A simple application that extracts your IoCs from garbage input and checks their reputation using multiple services.
🌐 demo.cyberbro.net

Inspired by Cybergordon and IntelOwl.

This project aims to provide a simple and efficient way to check the reputation of your observables using multiple services, without having to deploy a complex solution.
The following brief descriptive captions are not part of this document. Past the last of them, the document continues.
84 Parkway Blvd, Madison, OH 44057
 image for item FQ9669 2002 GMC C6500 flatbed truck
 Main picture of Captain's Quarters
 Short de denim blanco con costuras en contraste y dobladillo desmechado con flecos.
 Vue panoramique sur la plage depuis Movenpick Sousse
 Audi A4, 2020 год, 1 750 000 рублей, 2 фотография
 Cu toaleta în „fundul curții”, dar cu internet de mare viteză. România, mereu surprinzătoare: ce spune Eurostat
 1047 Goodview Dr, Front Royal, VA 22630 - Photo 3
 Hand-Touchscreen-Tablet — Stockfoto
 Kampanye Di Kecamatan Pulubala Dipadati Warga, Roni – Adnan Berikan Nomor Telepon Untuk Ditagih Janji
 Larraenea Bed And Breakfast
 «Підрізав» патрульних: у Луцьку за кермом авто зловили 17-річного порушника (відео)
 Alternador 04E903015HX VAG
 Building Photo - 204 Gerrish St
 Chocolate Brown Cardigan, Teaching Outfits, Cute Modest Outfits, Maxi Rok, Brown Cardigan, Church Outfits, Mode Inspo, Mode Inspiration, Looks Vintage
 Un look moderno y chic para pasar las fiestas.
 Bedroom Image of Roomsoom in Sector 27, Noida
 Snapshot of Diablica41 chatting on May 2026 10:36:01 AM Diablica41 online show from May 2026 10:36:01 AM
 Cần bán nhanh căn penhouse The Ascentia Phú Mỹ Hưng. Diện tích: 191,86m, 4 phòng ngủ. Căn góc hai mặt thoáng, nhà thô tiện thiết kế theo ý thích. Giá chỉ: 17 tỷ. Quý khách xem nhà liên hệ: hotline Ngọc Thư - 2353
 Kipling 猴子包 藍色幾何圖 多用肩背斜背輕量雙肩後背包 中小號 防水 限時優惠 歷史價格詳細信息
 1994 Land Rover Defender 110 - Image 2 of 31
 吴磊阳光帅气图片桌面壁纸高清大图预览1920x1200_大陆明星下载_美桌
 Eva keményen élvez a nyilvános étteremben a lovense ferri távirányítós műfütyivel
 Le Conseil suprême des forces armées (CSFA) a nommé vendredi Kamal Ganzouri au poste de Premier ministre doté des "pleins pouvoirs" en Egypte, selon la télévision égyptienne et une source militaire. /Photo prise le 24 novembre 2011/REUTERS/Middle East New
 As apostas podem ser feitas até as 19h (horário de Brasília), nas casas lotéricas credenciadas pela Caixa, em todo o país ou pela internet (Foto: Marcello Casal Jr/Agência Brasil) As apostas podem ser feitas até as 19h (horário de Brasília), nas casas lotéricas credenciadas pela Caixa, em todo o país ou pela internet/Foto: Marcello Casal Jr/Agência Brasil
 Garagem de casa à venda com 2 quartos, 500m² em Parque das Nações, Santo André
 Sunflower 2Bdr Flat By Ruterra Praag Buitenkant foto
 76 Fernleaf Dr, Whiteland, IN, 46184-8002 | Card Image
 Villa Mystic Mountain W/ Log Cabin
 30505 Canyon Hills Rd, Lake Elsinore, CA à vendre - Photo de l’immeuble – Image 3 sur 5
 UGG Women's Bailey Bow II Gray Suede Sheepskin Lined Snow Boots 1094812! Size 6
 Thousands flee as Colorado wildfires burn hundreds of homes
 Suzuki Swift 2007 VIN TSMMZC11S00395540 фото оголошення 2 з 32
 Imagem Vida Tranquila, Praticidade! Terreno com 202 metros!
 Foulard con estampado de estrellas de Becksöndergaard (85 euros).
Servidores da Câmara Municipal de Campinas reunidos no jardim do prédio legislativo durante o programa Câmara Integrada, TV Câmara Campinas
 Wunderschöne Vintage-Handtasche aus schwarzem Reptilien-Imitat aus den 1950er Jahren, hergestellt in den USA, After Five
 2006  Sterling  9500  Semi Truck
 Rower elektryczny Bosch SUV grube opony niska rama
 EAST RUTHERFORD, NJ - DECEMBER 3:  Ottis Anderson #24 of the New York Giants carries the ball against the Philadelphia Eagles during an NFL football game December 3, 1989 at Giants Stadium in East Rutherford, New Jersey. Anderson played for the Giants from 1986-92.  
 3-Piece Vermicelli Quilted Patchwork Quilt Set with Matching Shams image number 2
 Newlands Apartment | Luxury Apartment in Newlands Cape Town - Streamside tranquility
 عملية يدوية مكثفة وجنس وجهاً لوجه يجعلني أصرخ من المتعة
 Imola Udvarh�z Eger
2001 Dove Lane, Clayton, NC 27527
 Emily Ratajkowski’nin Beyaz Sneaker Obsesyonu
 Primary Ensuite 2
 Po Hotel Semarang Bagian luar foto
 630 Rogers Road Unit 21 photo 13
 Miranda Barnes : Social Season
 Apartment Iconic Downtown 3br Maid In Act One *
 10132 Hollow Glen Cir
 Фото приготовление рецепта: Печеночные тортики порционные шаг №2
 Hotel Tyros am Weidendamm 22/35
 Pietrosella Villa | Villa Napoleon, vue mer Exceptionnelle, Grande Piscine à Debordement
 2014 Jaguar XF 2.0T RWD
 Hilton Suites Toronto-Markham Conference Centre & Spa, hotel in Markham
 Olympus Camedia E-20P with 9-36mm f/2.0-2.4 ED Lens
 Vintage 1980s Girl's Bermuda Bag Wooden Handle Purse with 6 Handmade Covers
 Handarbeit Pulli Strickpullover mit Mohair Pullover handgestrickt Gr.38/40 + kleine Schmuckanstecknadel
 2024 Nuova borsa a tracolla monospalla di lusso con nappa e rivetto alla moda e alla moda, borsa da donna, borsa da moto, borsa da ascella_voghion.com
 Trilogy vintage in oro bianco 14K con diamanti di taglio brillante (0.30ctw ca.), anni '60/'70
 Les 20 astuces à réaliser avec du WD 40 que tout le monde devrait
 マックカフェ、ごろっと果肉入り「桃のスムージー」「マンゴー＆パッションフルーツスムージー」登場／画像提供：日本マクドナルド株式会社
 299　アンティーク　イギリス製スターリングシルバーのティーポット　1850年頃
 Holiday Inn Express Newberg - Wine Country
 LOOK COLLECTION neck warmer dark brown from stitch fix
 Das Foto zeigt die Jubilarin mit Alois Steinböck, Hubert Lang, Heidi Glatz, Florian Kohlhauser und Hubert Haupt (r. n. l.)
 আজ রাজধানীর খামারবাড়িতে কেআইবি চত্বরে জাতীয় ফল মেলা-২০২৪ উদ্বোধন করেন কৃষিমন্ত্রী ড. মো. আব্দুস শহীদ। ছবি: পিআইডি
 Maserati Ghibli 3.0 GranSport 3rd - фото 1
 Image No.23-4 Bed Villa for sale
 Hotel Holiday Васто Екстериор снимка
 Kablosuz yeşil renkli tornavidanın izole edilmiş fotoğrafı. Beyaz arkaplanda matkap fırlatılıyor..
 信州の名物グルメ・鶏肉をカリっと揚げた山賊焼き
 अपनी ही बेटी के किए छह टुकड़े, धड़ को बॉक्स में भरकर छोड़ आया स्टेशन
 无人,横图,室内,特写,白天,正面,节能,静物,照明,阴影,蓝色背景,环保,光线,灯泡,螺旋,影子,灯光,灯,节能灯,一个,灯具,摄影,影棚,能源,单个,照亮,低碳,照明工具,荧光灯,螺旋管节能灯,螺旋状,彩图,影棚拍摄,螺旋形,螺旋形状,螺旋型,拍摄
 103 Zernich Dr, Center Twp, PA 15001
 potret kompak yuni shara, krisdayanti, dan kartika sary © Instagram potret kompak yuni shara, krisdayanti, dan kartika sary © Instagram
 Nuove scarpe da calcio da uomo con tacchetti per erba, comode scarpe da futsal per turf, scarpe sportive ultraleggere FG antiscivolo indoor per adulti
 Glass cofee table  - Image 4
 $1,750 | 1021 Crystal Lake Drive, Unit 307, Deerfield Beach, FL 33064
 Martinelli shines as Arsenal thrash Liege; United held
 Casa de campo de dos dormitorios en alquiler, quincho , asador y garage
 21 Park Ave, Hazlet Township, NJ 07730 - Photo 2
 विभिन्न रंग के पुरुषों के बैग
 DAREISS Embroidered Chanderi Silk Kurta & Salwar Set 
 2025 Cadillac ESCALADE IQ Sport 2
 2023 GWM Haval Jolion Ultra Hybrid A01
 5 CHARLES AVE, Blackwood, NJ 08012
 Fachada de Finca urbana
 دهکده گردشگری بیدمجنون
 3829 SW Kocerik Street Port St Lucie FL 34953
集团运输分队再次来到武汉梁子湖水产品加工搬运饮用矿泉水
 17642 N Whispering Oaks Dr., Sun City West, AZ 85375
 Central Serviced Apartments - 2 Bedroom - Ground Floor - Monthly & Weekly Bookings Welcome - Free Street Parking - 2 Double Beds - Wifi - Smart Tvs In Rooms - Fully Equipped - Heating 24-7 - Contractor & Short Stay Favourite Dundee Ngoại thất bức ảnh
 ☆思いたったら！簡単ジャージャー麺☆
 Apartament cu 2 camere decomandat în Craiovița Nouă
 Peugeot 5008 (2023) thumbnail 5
Read the docs at https://docs.cyberbro.net/

• Easy Input: Paste raw logs or IoCs-automatic parsing and extraction.
• Multi-Service Checks: Reputation lookup for IPs, hashes, domains, URLs, and Chrome extension IDs across many threat intel services.
• Comprehensive Reports: Advanced search, filtering, and export to CSV/Excel.
• Fast Processing: Multithreaded for speed.
• Automated Pivoting: Discover related domains, URLs, and IPs via reverse DNS and RDAP / Whois.
• Accurate Domain & Abuse Info: RDAP / Whois and abuse contact lookups.
• Integrations: Microsoft Defender for Endpoint, CrowdStrike, OpenCTI, Grep.App, Hudson Rock, and more.
• Proxy & Storage: Proxy support and results stored in SQLite.
• History & Graphs: Analysis history and experimental graph view.
• Cache: Caching for faster repeat lookups (enabled at multi-engines level, not each engine).

• Beginner-Friendly: Accessible for all skill levels.
• Chrome Extension ID Lookup: Get extension names and CTI data from IDs.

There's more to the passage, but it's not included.